Даже в поисках эмбрионов возрождения я не увидел позднейших шагов ренессанса, ища гуманиста в душе трубадура, ища трубадура в обезземеленном рыцарьке, вынужденном к приключеньям, оправдывающим все погони за средствами: высшими целями.

Очень чуждаяся схоластики, готики – как таковых, я их брал как беременных будущим всем – в Абеляре, в Роджере Бэконе, в Амьенском и Реймском соборах, в строфе провансальской поэзии, а не в Фоме, не в Бернарде Клервоском; и за каркасами рыцаря (броней, забралом) увидел перерожденье второго сословия в третье: перерождение рыцаря в авантюриста; пред нами все фазы его: феодал, крестоносец, странствующий бедняк-трубадур, порождающий авантюриста, художника, освобождаемого гуманиста, который родит либерала; он сам – порожденье капиталистических еще не осознанных сил; все то – стадии облиняния рыцарства.
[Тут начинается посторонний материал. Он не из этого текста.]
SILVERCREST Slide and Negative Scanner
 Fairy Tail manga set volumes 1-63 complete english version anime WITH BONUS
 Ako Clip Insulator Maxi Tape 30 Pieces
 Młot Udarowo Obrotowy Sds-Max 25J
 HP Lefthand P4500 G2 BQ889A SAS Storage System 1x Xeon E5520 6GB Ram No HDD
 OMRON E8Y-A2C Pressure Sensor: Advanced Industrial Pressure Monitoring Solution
Готику, даже схоластику, вижу то – в свете прошедшего, то – в свете будущего; не могу разделять я учения о двойной истине, силясь его понимать как симптом, совершенно реально и без метафизики; «верю, чтоб знать», или «знаю, чтоб верить», – о лозунгах споры велись: спор Ансельма, Вильгельма из Шампо с номиналистами и с Абеляром – симптомы борьбы в организме, дающем зародышу соки в ущерб своим силам и вместе отстаивающем свое бытие; средневековое «верю» мне – догмат из знания мощи рождаемого человека, пока еще только зародыша: он, нерожденный, увиделся в небе младенцем «божественным»; средневековое же «знаю» есть догмат лишь веры в неведомого Аристотеля (будет изведан в тринадцатом веке).
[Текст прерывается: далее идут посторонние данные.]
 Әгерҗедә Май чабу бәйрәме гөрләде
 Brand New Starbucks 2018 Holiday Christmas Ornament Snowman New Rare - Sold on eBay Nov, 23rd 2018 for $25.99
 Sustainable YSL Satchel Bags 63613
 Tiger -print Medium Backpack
Мысль грека – цветущая девушка; она живет для себя: автономна; а гетерономность, убожество мысли схоластика, – напоминает мне эту же девушку, но подурневшую, связанную: забеременела; и – живет не собой, а процессом питанья зародыша; вера в него – ее «мистика».
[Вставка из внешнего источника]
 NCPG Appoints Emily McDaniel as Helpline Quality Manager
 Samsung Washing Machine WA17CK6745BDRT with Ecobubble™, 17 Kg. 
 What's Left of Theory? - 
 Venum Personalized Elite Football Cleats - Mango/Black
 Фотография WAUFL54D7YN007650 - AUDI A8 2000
Словом: схоластика как размышленья о мыслях Порфирия, перекалечившего Аристотеля, – мне неприемлема: она волнует, как предвозрожденье; в таком освещеньи она не прочитана; в Мюнхене я углубляюсь впервые в проблему прочета, еще предстоящую мне[57]; полагаю, что кинетическая энергия средних веков есть неправильное применение греческой логики; потенциальная же их энергия – акты питания старыми соками «новой» души, отражающей формирование нового класса; отсюда и «мистика», пересыхающая в теологию, но и могущая переродить свое «верю» в «хочу»; ибо «мистика» этого времени бьет одинаково в спину и феноменалистов, и так называемых реалистов; кинетическая энергия возрожденья – раскрытие «веры» как только свободы сознания: «я сознаю – стало быть: я живу» – это будущий лозунг Декарта; потенциальная же энергия, данная нам возрожденьем, есть выпирание нового класса; его пионеры – суть гении авантюризма, ударившиеся в скопленья богатств, в применение к технике принципов знания.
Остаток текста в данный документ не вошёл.